Вот что бывает, если дать женщинам слишком много власти. Тут уж либо девы, либо матери, но никак не нечто среднее. Но теперь молчать ему не нужно. Сила и действие… прежде манили их приглушенные разговоры на открытых террасах дворца.
– Ты оставишь эту манеру теперь, – проговорил он вкрадчиво, но по коже ее пошел холодок вперемешку с волнами жара.
Увидев ее сведенные над переносицей брови, он раздраженно добавил:
– Я по-другому любить не умею, принцесса.
– Что угодно это кроме любви.
Арвиум чувственно поцеловал Амину сзади, схватив за шею и повернув голову к себе. Затем с благодатной улыбкой человека, добившегося того, что так долго блистало в эфемерности будущего и наслаждающегося потому негой перед следующей схваткой, отошел к кровати.
Его оголтелое смакование триумфа собственной молодости привело Амину в бешенство. Прошлые годы их сопричастности прорвали абсолютную ее оторванность от текущего мига, приоткрыли первородную силу бунта женщины, знающей неоценимый вкус свободы.

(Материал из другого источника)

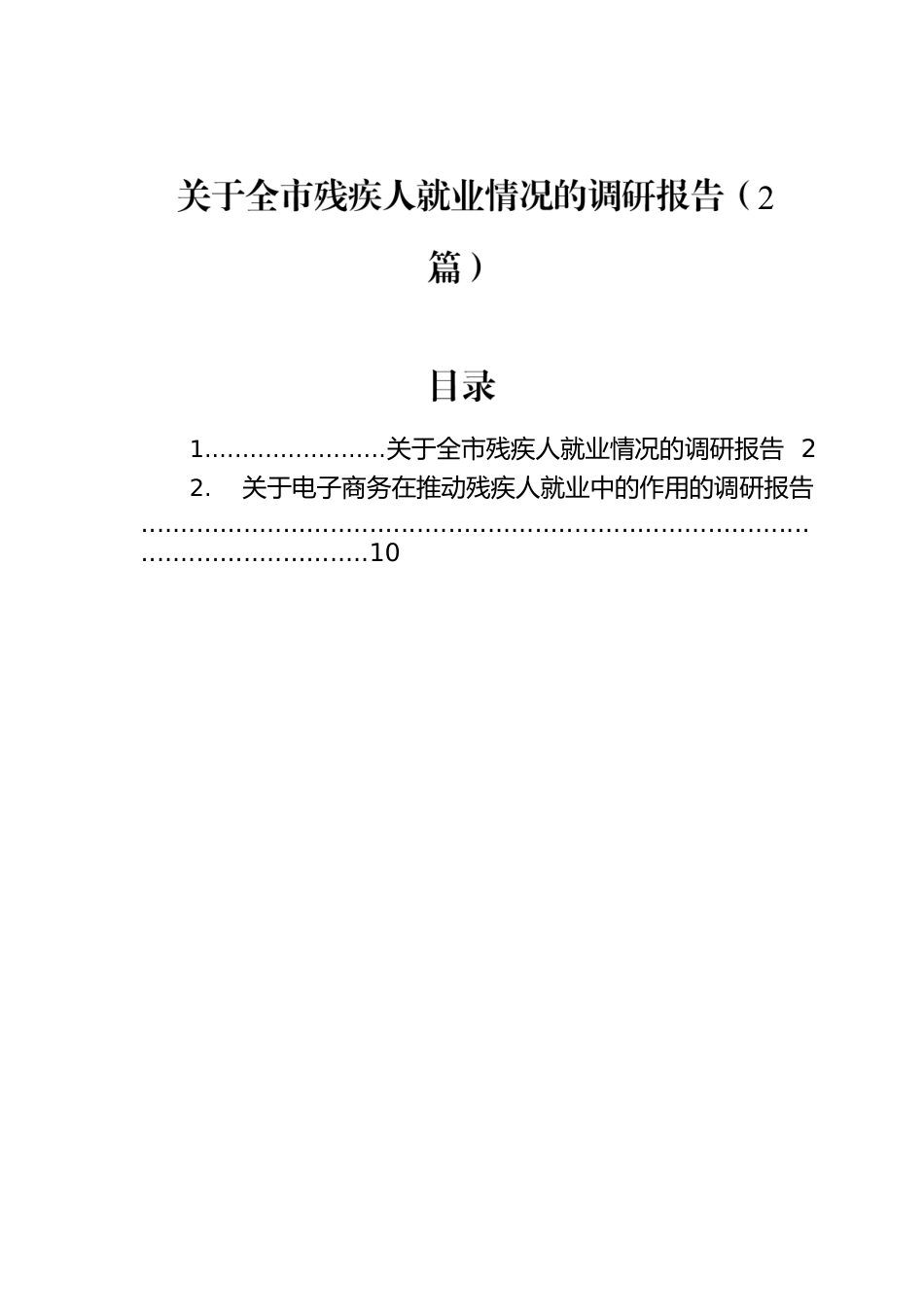 关于全市残疾人就业情况的调研报告（2篇）.docx_第1页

Амина неотрывно смотрела на Арвиума, на его царственную поступь, не признавая в нем повелителя даже под угрозой голодной смерти. В ее взгляде он прочел бы многое, если бы не стоял спиной. Его внушительные плечи и сужающийся обхват талии больше не притягивали ее взгляда. Опасение, решимость и истовое желание отбросить происходящее отражались в залитой платине неровных зеркал.